:: RECORDS TO PROCESS ::
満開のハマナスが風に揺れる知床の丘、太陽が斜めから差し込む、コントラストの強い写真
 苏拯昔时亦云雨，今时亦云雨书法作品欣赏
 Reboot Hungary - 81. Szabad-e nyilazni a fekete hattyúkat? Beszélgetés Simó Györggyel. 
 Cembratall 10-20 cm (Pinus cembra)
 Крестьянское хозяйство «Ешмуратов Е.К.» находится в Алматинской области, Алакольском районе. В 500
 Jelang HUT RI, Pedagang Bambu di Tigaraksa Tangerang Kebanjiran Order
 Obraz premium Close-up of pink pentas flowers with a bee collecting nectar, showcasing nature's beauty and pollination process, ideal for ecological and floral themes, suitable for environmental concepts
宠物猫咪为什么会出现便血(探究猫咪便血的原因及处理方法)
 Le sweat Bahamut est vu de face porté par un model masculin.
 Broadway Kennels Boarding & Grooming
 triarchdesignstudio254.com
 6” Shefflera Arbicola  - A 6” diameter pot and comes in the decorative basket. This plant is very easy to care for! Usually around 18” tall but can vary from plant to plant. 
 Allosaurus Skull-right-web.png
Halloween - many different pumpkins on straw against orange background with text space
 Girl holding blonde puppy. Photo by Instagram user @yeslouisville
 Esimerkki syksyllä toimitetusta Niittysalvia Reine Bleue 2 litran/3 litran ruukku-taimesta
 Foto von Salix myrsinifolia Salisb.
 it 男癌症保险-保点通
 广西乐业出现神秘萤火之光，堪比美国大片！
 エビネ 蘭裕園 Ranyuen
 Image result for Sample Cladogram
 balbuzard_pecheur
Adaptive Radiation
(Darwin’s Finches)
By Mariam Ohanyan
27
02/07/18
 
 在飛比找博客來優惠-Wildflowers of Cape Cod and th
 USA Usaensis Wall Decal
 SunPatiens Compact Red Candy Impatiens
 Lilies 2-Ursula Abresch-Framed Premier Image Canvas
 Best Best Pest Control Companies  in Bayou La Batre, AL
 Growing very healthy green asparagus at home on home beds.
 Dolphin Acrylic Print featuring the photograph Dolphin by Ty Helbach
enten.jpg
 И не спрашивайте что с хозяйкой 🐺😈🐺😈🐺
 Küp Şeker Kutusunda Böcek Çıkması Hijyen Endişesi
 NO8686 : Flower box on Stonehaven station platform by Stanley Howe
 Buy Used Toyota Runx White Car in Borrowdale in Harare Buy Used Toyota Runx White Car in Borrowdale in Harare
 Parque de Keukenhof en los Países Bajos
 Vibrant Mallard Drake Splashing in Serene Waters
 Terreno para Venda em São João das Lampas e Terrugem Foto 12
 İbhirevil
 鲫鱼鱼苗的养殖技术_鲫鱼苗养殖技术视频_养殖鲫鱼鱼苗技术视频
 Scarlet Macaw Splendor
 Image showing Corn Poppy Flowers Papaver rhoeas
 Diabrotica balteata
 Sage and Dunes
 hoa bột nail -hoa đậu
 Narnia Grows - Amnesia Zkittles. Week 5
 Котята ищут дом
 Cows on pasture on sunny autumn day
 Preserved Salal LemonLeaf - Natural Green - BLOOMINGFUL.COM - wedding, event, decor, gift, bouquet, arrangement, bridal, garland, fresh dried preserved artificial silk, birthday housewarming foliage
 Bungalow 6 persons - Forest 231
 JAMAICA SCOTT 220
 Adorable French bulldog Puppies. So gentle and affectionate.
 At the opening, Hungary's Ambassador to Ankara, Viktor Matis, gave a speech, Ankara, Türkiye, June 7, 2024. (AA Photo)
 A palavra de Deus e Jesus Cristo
:::
→ **TASK BRIEF**:
Generate an exact reproduction of all entries.

→ **YOUR SOLUTION**:
満開のハマナスが風に揺れる知床の丘、太陽が斜めから差し込む、コントラストの強い写真
 苏拯昔时亦云雨，今时亦云雨书法作品欣赏
 Reboot Hungary - 81. Szabad-e nyilazni a fekete hattyúkat? Beszélgetés Simó Györggyel. 
 Cembratall 10-20 cm (Pinus cembra)
 Крестьянское хозяйство «Ешмуратов Е.К.» находится в Алматинской области, Алакольском районе. В 500
 Jelang HUT RI, Pedagang Bambu di Tigaraksa Tangerang Kebanjiran Order
 Obraz premium Close-up of pink pentas flowers with a bee collecting nectar, showcasing nature's beauty and pollination process, ideal for ecological and floral themes, suitable for environmental concepts
宠物猫咪为什么会出现便血(探究猫咪便血的原因及处理方法)
 Le sweat Bahamut est vu de face porté par un model masculin.
 Broadway Kennels Boarding & Grooming
 triarchdesignstudio254.com
 6” Shefflera Arbicola  - A 6” diameter pot and comes in the decorative basket. This plant is very easy to care for! Usually around 18” tall but can vary from plant to plant. 
 Allosaurus Skull-right-web.png
Halloween - many different pumpkins on straw against orange background with text space
 Girl holding blonde puppy. Photo by Instagram user @yeslouisville
 Esimerkki syksyllä toimitetusta Niittysalvia Reine Bleue 2 litran/3 litran ruukku-taimesta
 Foto von Salix myrsinifolia Salisb.
 it 男癌症保险-保点通
 广西乐业出现神秘萤火之光，堪比美国大片！
 エビネ 蘭裕園 Ranyuen
 Image result for Sample Cladogram
 balbuzard_pecheur
Adaptive Radiation
(Darwin’s Finches)
By Mariam Ohanyan
27
02/07/18
 
 在飛比找博客來優惠-Wildflowers of Cape Cod and th
 USA Usaensis Wall Decal
 SunPatiens Compact Red Candy Impatiens
 Lilies 2-Ursula Abresch-Framed Premier Image Canvas
 Best Best Pest Control Companies  in Bayou La Batre, AL
 Growing very healthy green asparagus at home on home beds.
 Dolphin Acrylic Print featuring the photograph Dolphin by Ty Helbach
enten.jpg
 И не спрашивайте что с хозяйкой 🐺😈🐺😈🐺
 Küp Şeker Kutusunda Böcek Çıkması Hijyen Endişesi
 NO8686 : Flower box on Stonehaven station platform by Stanley Howe
 Buy Used Toyota Runx White Car in Borrowdale in Harare Buy Used Toyota Runx White Car in Borrowdale in Harare
 Parque de Keukenhof en los Países Bajos
 Vibrant Mallard Drake Splashing in Serene Waters
 Terreno para Venda em São João das Lampas e Terrugem Foto 12
 İbhirevil
 鲫鱼鱼苗的养殖技术_鲫鱼苗养殖技术视频_养殖鲫鱼鱼苗技术视频
 Scarlet Macaw Splendor
 Image showing Corn Poppy Flowers Papaver rhoeas
 Diabrotica balteata
 Sage and Dunes
 hoa bột nail -hoa đậu
 Narnia Grows - Amnesia Zkittles. Week 5
 Котята ищут дом
 Cows on pasture on sunny autumn day
 Preserved Salal LemonLeaf - Natural Green - BLOOMINGFUL.COM - wedding, event, decor, gift, bouquet, arrangement, bridal, garland, fresh dried preserved artificial silk, birthday housewarming foliage
 Bungalow 6 persons - Forest 231
 JAMAICA SCOTT 220
 Adorable French bulldog Puppies. So gentle and affectionate.
 At the opening, Hungary's Ambassador to Ankara, Viktor Matis, gave a speech, Ankara, Türkiye, June 7, 2024. (AA Photo)
 A palavra de Deus e Jesus Cristo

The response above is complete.